# THE TASK
Only an exact copy is wanted: the lines from the one holding "Andy Bar. Лофт-караоке для вечеринок" through the last line below, minus the pictures.

══ PROVIDED RECORDS

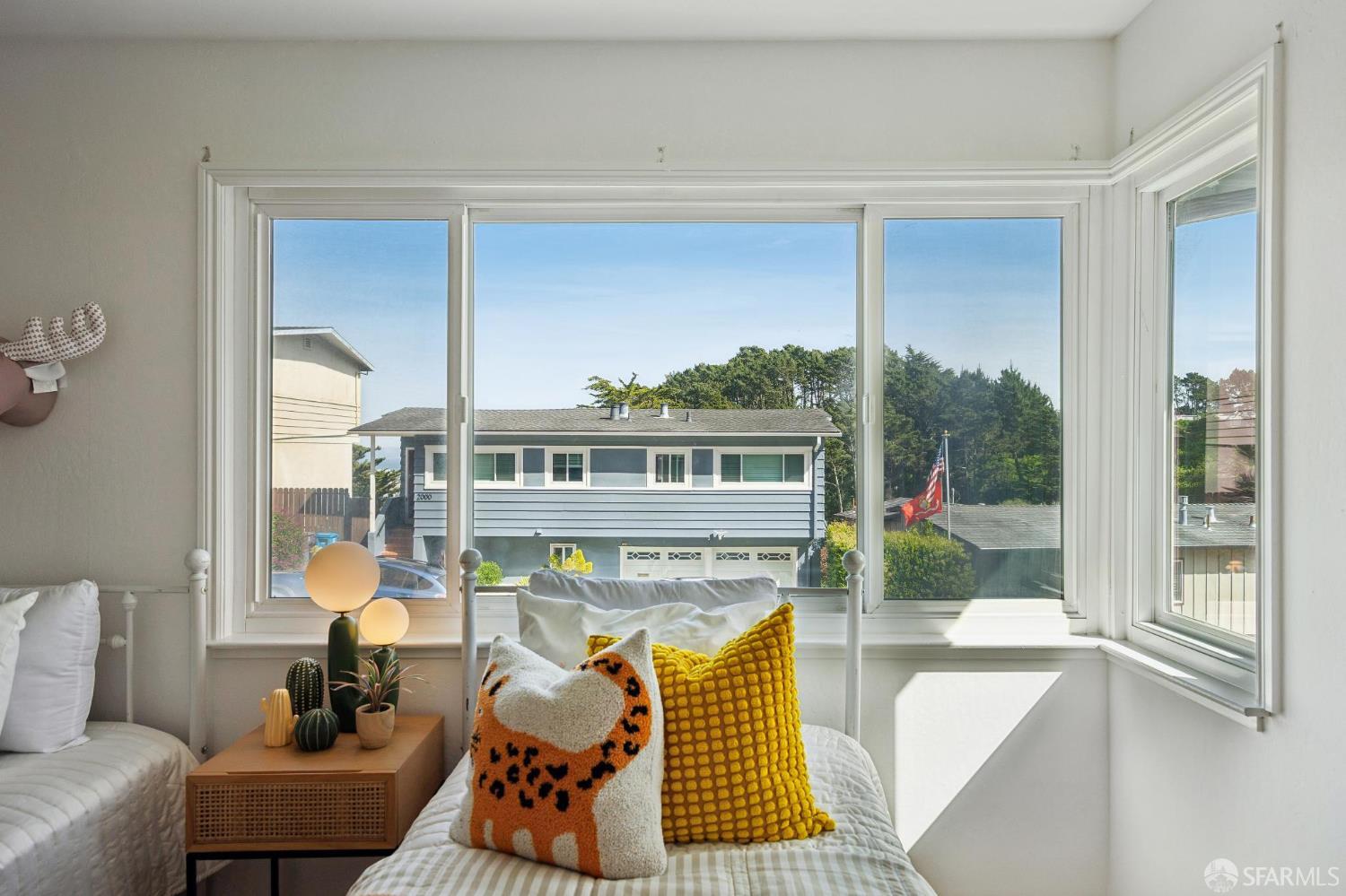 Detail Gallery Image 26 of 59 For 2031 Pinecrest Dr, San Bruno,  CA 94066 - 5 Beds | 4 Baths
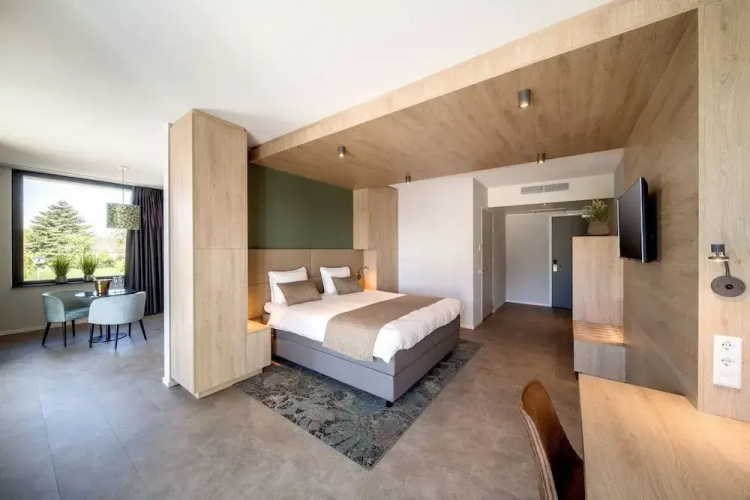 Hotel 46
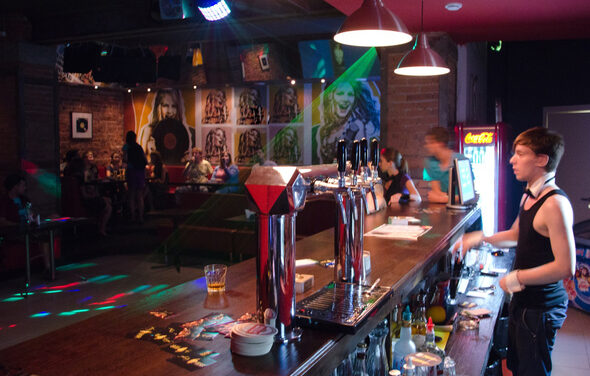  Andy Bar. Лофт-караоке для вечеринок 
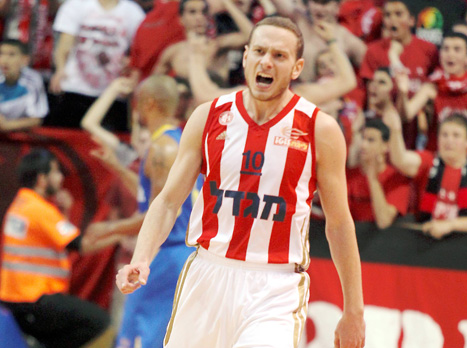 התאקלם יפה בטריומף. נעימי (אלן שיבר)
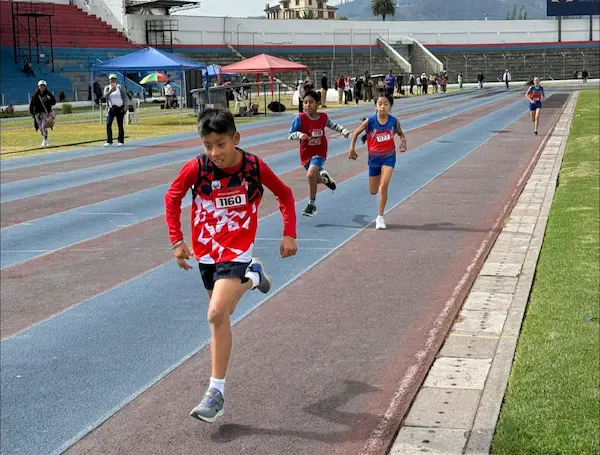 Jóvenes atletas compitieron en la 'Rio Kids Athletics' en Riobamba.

════

# TASK RESULT
  Andy Bar. Лофт-караоке для вечеринок 
 התאקלם יפה בטריומף. נעימי (אלן שיבר)
 Jóvenes atletas compitieron en la 'Rio Kids Athletics' en Riobamba.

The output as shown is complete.